Following discovery, BOA moved for summary judgment. Pointing to the Facebook decision, the bank argued its dialing technology did not qualify as an ATDS as defined by the statute.
U.S. District Judge Robert J. Conrad Jr. granted the motion.
The record evidence showed that the calls were placed with BOA’s Avaya Proactive Contact system. When an agent uses the system, Avaya delivers telephone numbers in a call list, and when the agent logs in, the Avaya system begins calling customers who have defaulted on their accounts.
No evidence was presented that the Avaya system generates random or sequential numbers, or that it is capable of doing so. The system selects accounts based on a number of factors, including balance, delinquency stage, recency of payment, recency of contacts and others.
Barnett objected to BOA’s description of the system but did not produce contrary evidence, Conrad said. Although Barnett cited deposition testimony from bank employees stating that the numbers selected for calls were based on several factors, “this very testimony undermines plaintiff’s argument, as the numbers chosen for the calls are selected from a pre-existing list created based on criteria from the dialer administrators, rather than by random or sequential number generators,” Conrad wrote.
The Supreme Court held in Facebook that, for equipment to qualify as an ATDS, the TCPA “requires that in all cases, whether storing or producing numbers to be called, the equipment in question must use a random or sequential number generator.”
BOA “is entitled to summary judgment based on the Supreme Court’s ruling in Facebook, along with the lack of plaintiff’s evidence that the Avaya system uses a random or sequential number generator, and defendant’s affirmative evidence that the system does not use such a number generator,” Conrad concluded.
Barnett’s assertions that he was missing critical information and needed more discovery were unavailing.
Even if BOA’s Avaya system were an ATDS for TCPA purposes, Barnett’s claim would fail because he legally consented to the calls, Conrad added. Barnett provided his cellphone number in his credit card application and expressly granted consent to be contacted during subsequent conversations.
Barnett argued that he later revoked his consent by stating that he wanted future communications by mail and would call BOA when he had the money to pay his bill, but the court said his communications “were too ambiguous to qualify as a revocation of consent.”
“[A] plaintiff’s words must clearly revoke consent,” Conrad wrote. “Here, plaintiff requested to be contacted by mail, and stated that he would contact defendant when he was able to pay, but at no point did he directly ask defendant to stop contacting him.
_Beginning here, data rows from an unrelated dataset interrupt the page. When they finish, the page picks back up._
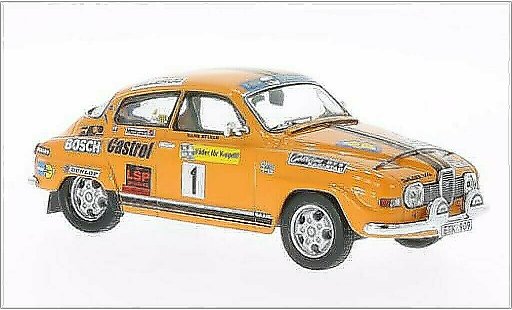 Saab 96 Rally Sweden 1/43 IXO V4 No.1 Su&Atilde;&uml;de 1975 /H.Sylvan miniature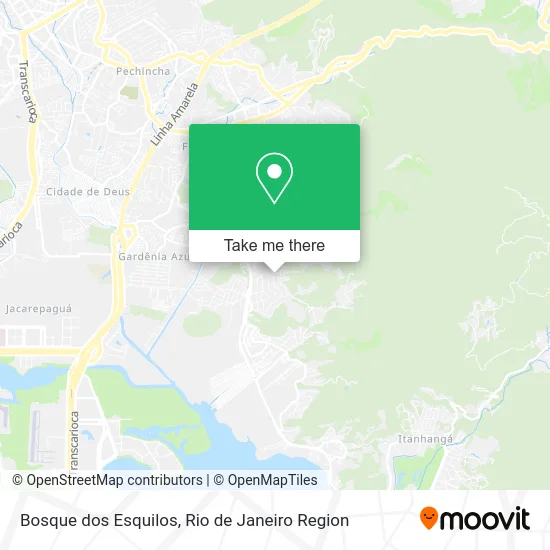 Bosque dos Esquilos map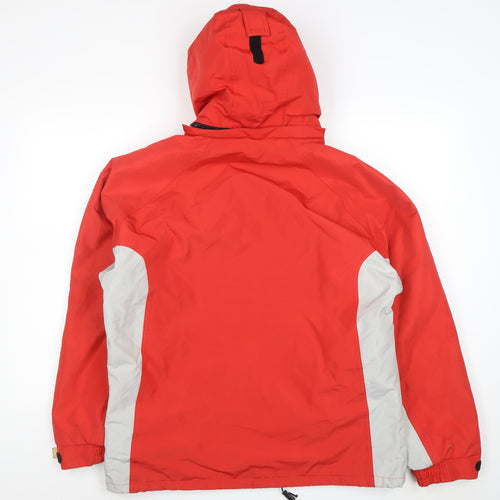 Trespass Men Red Hooded Waterproof Parka Jacket Size L Winter Outdoor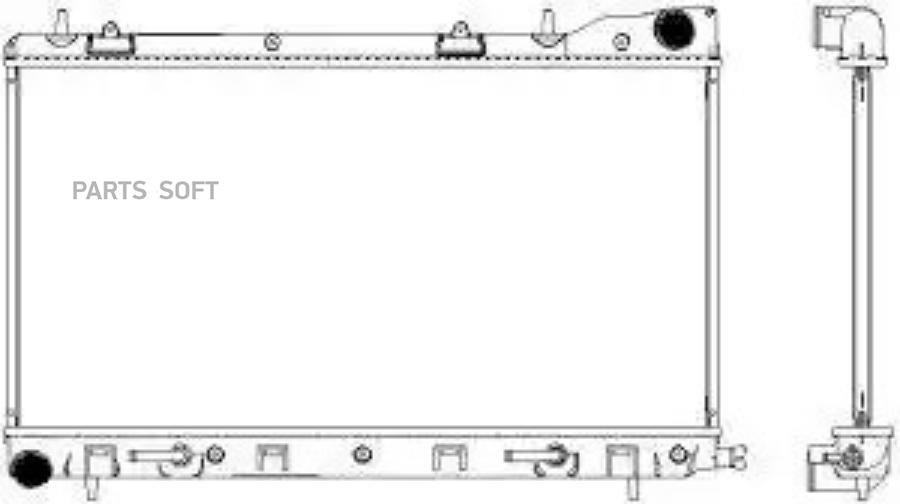 

Радиатор Сист. Охл. Subaru Forester 2.0 2002 - Sakura арт. 34211009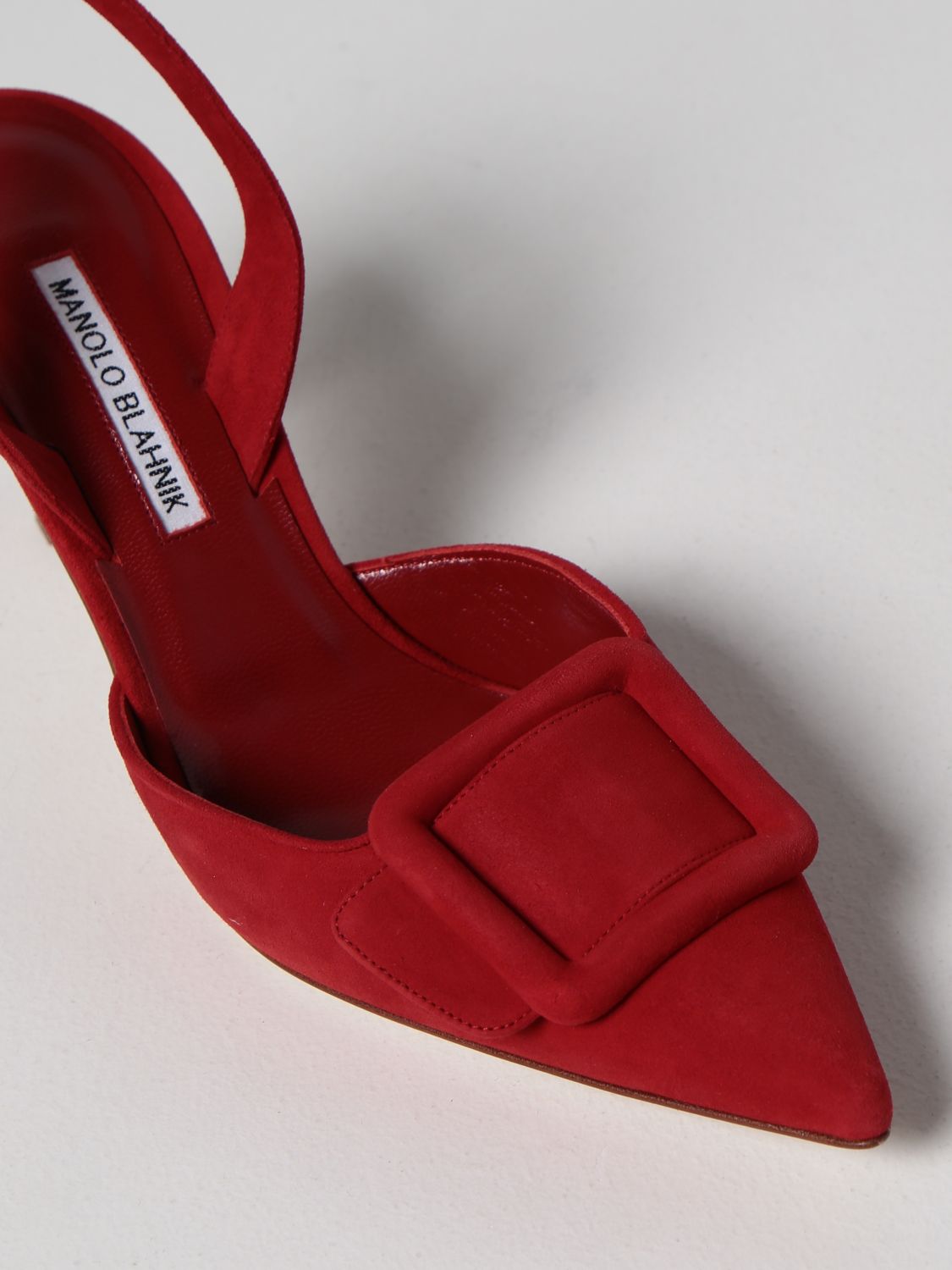 GIÀY MANOLO BLAHNIK Red suede high heel shoes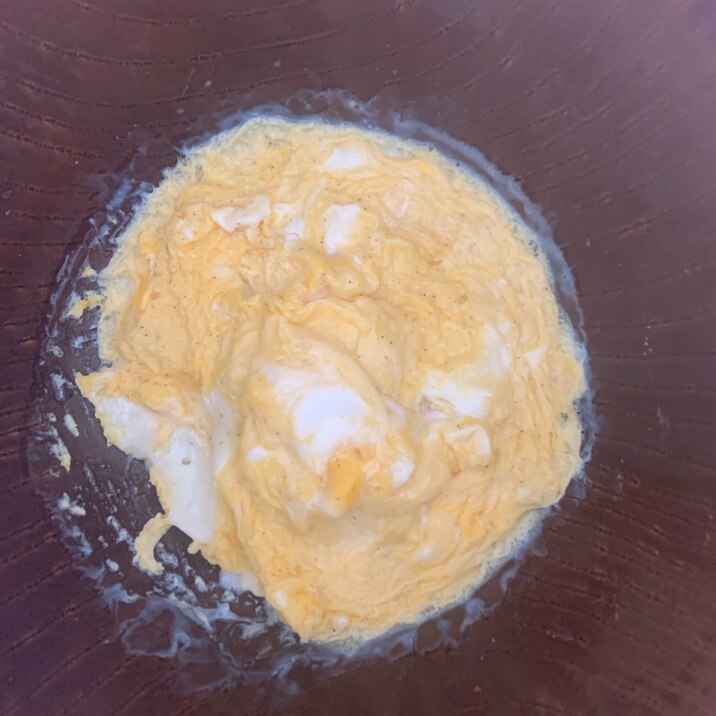 レンジで作れる卵焼き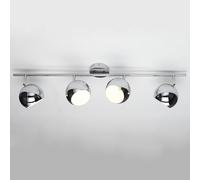 Plafonnier Rétro Cuisine En Chrome E14 Lampe De Plafond Métal À Bras Réglable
In fact, when defendant informed plaintiff that the calls would continue, plaintiff did not argue and even said, ‘Okay.’ Any arguable implication is ambiguous and insufficient for revocation.”
The court granted BOA’s motion for summary judgment.
To read the order in Barnett v. Bank of America, click here.
Why it matters: The North Carolina decision is one of the first cases to rely on the Supreme Court’s Facebook ruling with regard to what constitutes an ATDS under the TCPA and is a clear victory for the defendant. The court also considered whether the plaintiff revoked his consent to receive the calls at issue and found that his requests to be contacted by mail or to call the bank himself were too ambiguous to constitute revocation.